Rosy a 90 ans mais ne s'en souvient pas. D'ailleurs, depuis quelque temps, elle en a 62. La mémoire en naufrage, elle ne peut plus se raconter. Alors c'est sa fille qui prend la parole. Pour la retrouver, fixer des instants de vie, évoquer la relation fusionnelle qui les lie, l'inversion progressive des rôles et ce qu'il reste d'humour et d'amour malgré la réalité brutale de l'effacement de soi.. S'appuyant sur des souvenirs d'enfance, elle ouvre un territoire où le passé et le présent cohabitent, et tente de restituer la vie simple et la personnalité de celle qui était un modèle de force active, d'excentricité et de joie de vivre.. La Mère à côté , c'est l'hommage lumineux et bouleversant d'une fille à sa mère, écrit dans l'urgence de lutter contre l'absence. Mais, au-delà de l'expérience personnelle, l'auteure donne une valeur collective à son récit, en tentant de répondre à cette question : que signifie pour une femme de vieillir ?.

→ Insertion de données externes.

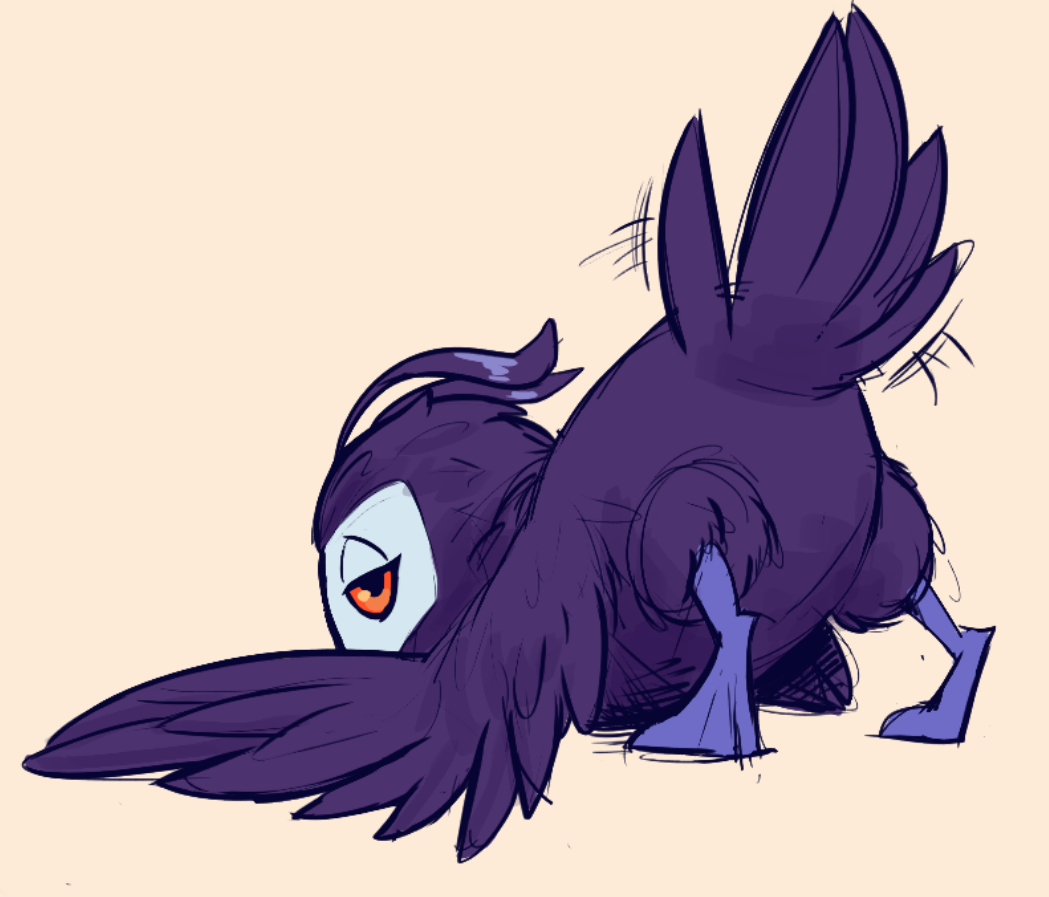 2020 avian bird butt feathers female feral half-closed_eyes ku looking_at_viewer narrowed_eyes orange_eyes ori_and_the_blind_forest ori_and_the_will_of_the_wisps owl presenting presenting_hindquarters purple_body purple_feathers simple_background solo soulcentinel tailwag violetechoes young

Je ne pensais pas aimer ce livre autant que je l'ai aimé, tout simplement car je croyais le connaître un peu avant de l'avoir lu . Je lis tout ce qu'écrit Thael sur Rosy, sa mère, depuis plusieurs années. Je sais sa capacité à nous la faire connaître au-delà de sa maladie (Alzheimer), de son âge. Alors quand elle m'a dit qu'elle allait publier un livre sur le sujet, ça m'a paru tout à fait naturel. La mère à côté, déjà j'adore le titre. Je vous parle du titre car il dit beaucoup de toutes les facettes du texte et ce n'est pas toujours le cas . C'est en même temps la mère à côté de ses pompes (allemandes, bien sûr), mais aussi la voisine qui se met à partir promener son chien un peu trop souvent. C'est aussi la mère qu'on aurait pu avoir si seulement. Celle de la copine, plus discrète, plus dans les clous. Et puis ce titre, ça peuple l'ehpad. Rosy c'est la mère à côté de la chambre d'une autre femme, d'un autre homme (mais il y a quand même surtout des femmes, souligne-t-elle). Ça dit cette volonté de sortir Rosy de la case dans laquelle on voudrait bien la ranger chaque fois qu'elle est malade ou diminuée. C'est ce dernier aspect du livre, découpé en petites parties qui se répondent et parfois ricochent, qui m'a le plus touchée, car au-delà de nous raconter par petites touches des scènes de vie avec sa mère, l'autrice nous parle de comment Rosy s'est située dans le monde au fil de son existence, dans son couple et dans la société, et comme la société, le moment venu de devoir l'aider, la soigner, a oublié sa singularité. Là elle généralise à bon escient, parle de la vieillesse des femmes et de leurs maladies de femmes . Si bien qu'en croyant lire pour en savoir plus sur l'autrice et sa mère, on pense immanquablement à nos mères, à notre futur, à nos filles.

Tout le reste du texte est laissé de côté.